Years passed. World War I depleted the supply of both men and materials, but work on the core wall curtain continued slowly. In the end, it was a California Superior Court decision that dealt the fatal blow to the company’s dream of sending San Bernardino all the water and electricity it could use. The 1913 ruling stated clearly that water from one watershed could not be diverted to another for the purposes of irrigation. As an irrigation project, Little Bear Lake was a white elephant.
As a resort destination, it was a potential gold mine. In 1914, the lake was opened to fishermen through a concession at Orchard Bay and 2,000 anglers promptly descended on Camp Fleming. Lakefront lots at Cedar Glen sold for as much as $150. A few years later, Little Bear Resort, the predecessor of Lake Arrowhead Village, had 26 rental cabins and a dance pavilion.
In 1918, the core wall curtain was finished and height of the dam was 170 feet. A year later, James Mooney, the driving force behind the entire project, died at his Cincinnati mansion. Work ground to a halt while his huge estate was probated. For two years, everyone wondered what would become of the Little Bear project.

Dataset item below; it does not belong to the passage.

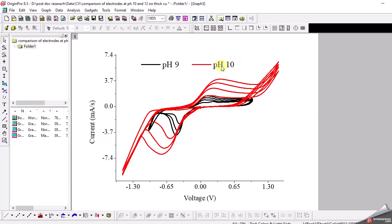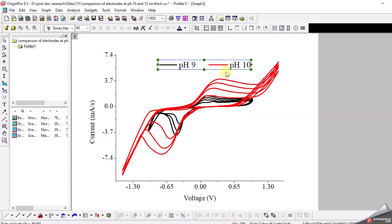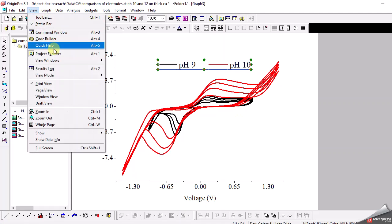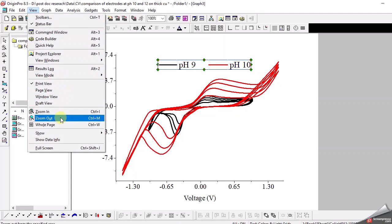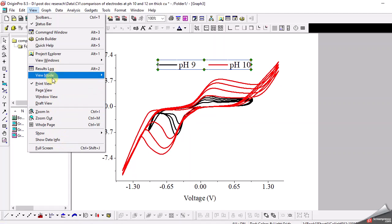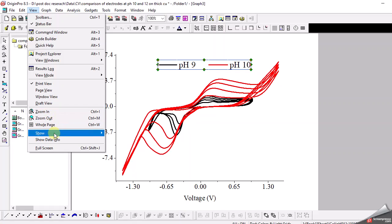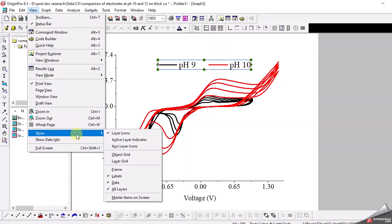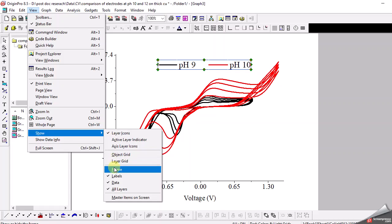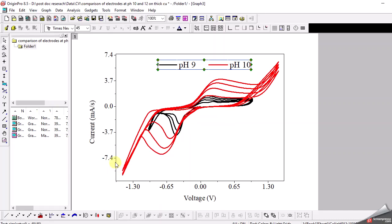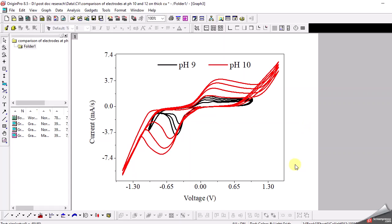To give a more aesthetic look to my graph, I also go to the view menu and select the show option where I select the frame option so that we have a nice frame in the graph. And here it is.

Then, in 1921 a syndicate of Los Angeles millionaires, headed by J.B. Van Nuys, had purchased all the Arrowhead Reservoir and Power Company’s property, including 47,000 acre-feet of water, for almost $5 million. Calling themselves the Arrowhead Lake Company, this new group had plans drawn that would mold the newly-christened Lake Arrowhead into a fashionable alpine resort. Millions would be spent on roads, lodges, dance pavilions, marinas, a grand hotel, a golf course and Norman-style village. Thirty years and millions of dollars after Gamble and Mooney began their unprecedented enterprise, the dam, was raised to its final height of 190 feet, impounding almost 16 billion gallons water from a six-square-mile watershed.

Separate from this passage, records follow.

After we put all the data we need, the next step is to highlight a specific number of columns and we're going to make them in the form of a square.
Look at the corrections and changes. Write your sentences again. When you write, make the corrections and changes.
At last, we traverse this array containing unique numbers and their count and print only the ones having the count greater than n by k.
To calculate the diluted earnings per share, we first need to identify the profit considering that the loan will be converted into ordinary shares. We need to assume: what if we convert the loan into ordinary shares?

Over the next five decades, ownership of the lake changed several times until, in 1973, the state proclaimed the dam unsafe and subject to failure in a 6.5 earthquake. To alleviate pressure on the dam, the state insisted the lake level be lowered to 70 feet. In doing so, the domestic water supply would have been severely affected. The lake would have been rendered unusable for recreation and property values would have plummeted. The surrounding Arrowhead Woods property owners banded together to save the lake. Together, they formed an association called Arrowhead Lake Association of ALA and purchased the lake from Boise Cascade. With the slogan “Give A Dam”, they issued a $7 million bond to build a new, far more secure dam just downstream from the original, and thereby; saved the lake; its water now preserved solely for the domestic use and recreation.
Management of the lake now rests with the property owners in Arrowhead Woods.
The new dam was completed within 18 months of the approval of the bond. It is 210 feet high and was built from two and one-half million cubic yards of material readily available at the site, compacted to maximum density to withstand an eight-point earthquake. A new lake, Papoose, was created with water from Lake Arrowhead and has a surface area of 31 acres.
Other important assets were included in All’s purchase of Lake Arrowhead:
- Grass Valley Lake, which supplies water to Lake Arrowhead through the old Arrowhead Reservoir Company’s tunnel.
- Three members-only beach clubs.
- Land lease of the North and South Shore Marinas.
- Outlet Tower and all the inflow and outflow tunnels, the spillway, with it 67,500 gallons per minute capacity and, when the lake is full of course.
The Original dam still traversed by Highway 173.